While catastrophic floods have always been part of life on the river, they also remind us how humans are entirely dependent on natural systems for food, drinking water, electric power, irrigation, sanitation, and much more. On the Bow, as with many other rivers worldwide, the twin pressures of human development and climate change are making it increasingly difficult for those natural systems to fulfill our needs, and those of the surrounding environment.
In recognition that continuing to manage the Bow watershed as we have in the past will lead to further declines in the river’s capacity to produce clean water, absorb pollutants, and regulate water levels, a group of stakeholders has produced the
Upper Bow Basin Cumulative Effects Study.

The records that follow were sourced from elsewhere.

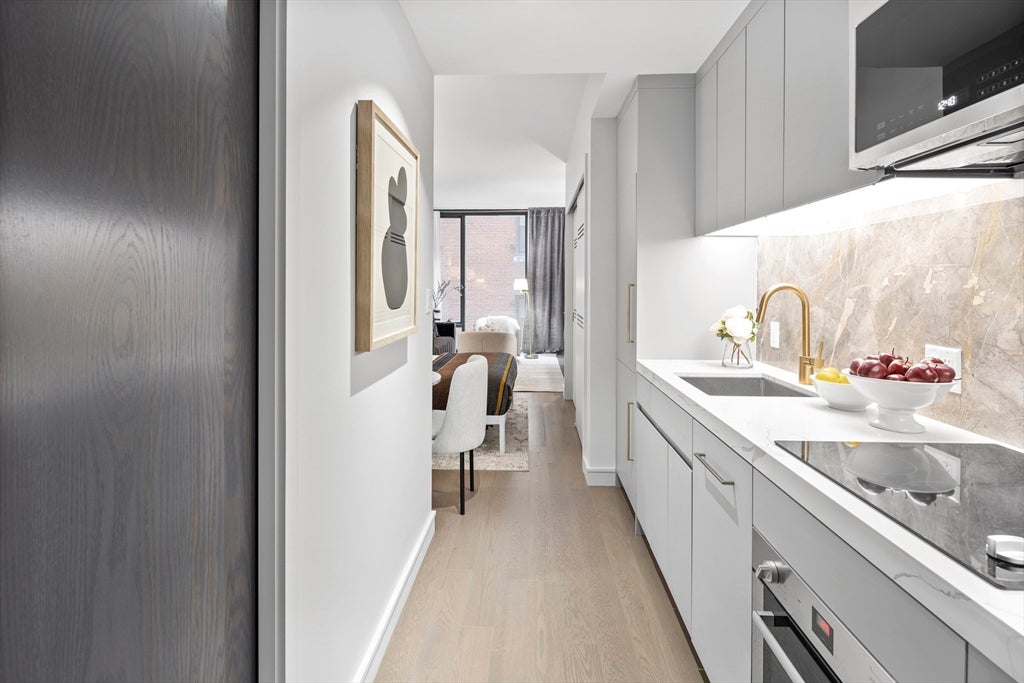 55 Lagrange St #905, Boston, MA Photo #8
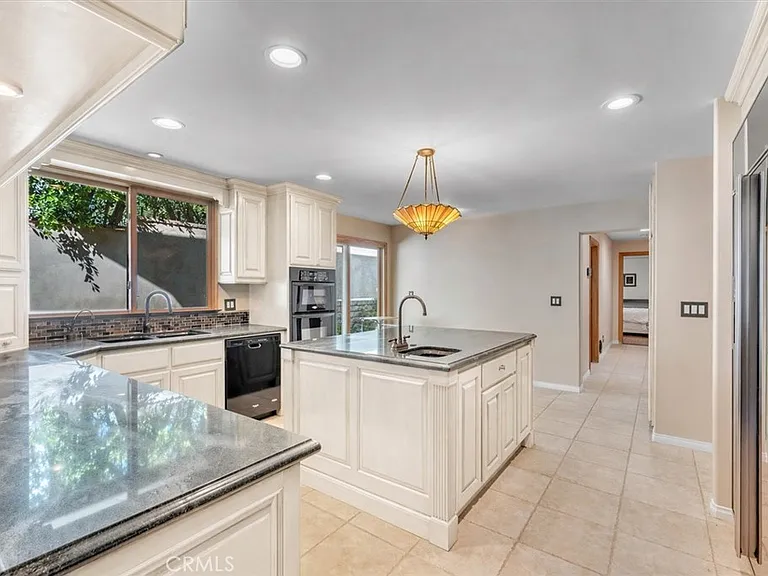 9824 Baden Ave — Photo 13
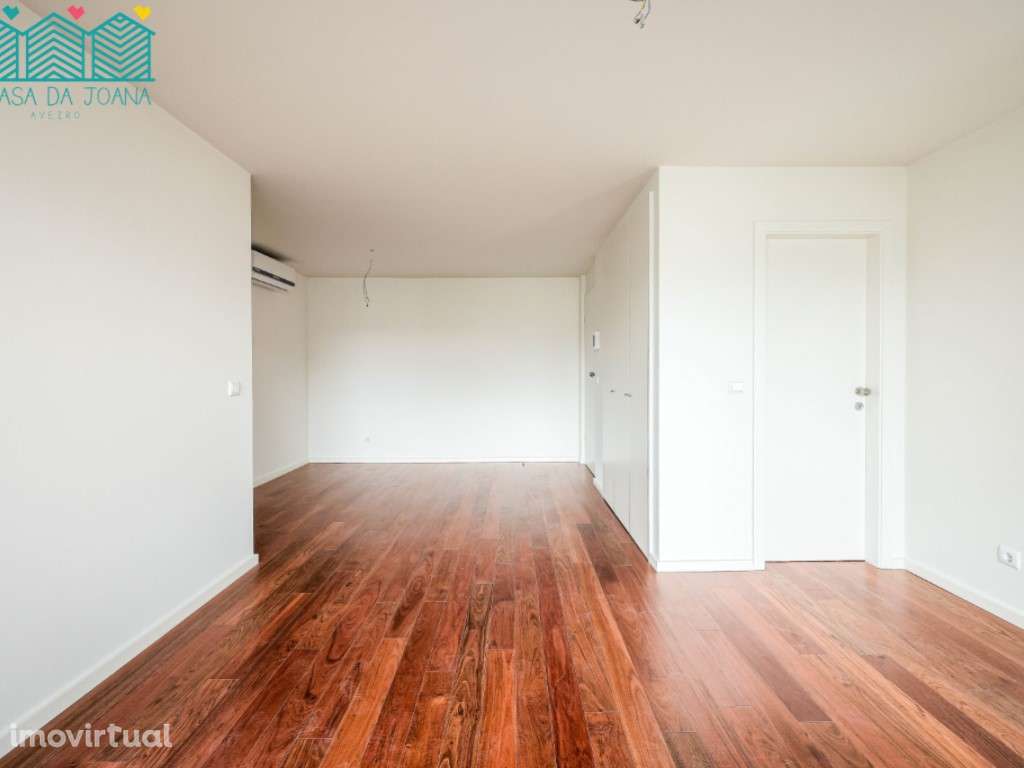 Apartamento T2 com Lugar de Estacionamento em Aveiro - Grande imagem: 4/32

The study models the influence of a variety of land uses on water quality and quantity, and recommends practices that can slow the decline in indicators of watershed health.
Participants in the Upper Bow Basin Cumulative Effects Study (UBBCES) include the Bow River Basin Council, the Calgary Regional Partnership, Action for Agriculture, the MD of Bighorn,
Alberta Wilderness Association, and Yellowstone to Yukon Conservation Initiative.
Some of the improved practices that will reduce pressures on the Bow watershed include:
- Maintain riparian buffers when harvesting timber in headwaters and avoid logging steep slopes
- Increase the restoration of industrial access roads
- Increase the number of oil or gas wells per well-pad
- Prevent OHV’s from travelling through wetlands
UBBCES partners commissioned Science Media Centre of Canada to prepare a backgrounder that uses the Bow as a case study to explore the any interconnected issues that face modern river ecosystems, from water scarcity and quality to ecosystem integrity and the dangers of floods and droughts.
The document is designed to provide an overview that can help journalists, policymakers and the general public quickly get up to speed on the critical issues that will be debated in the coming years and decades, and to provide a sense of the state of scientific knowledge underlying them.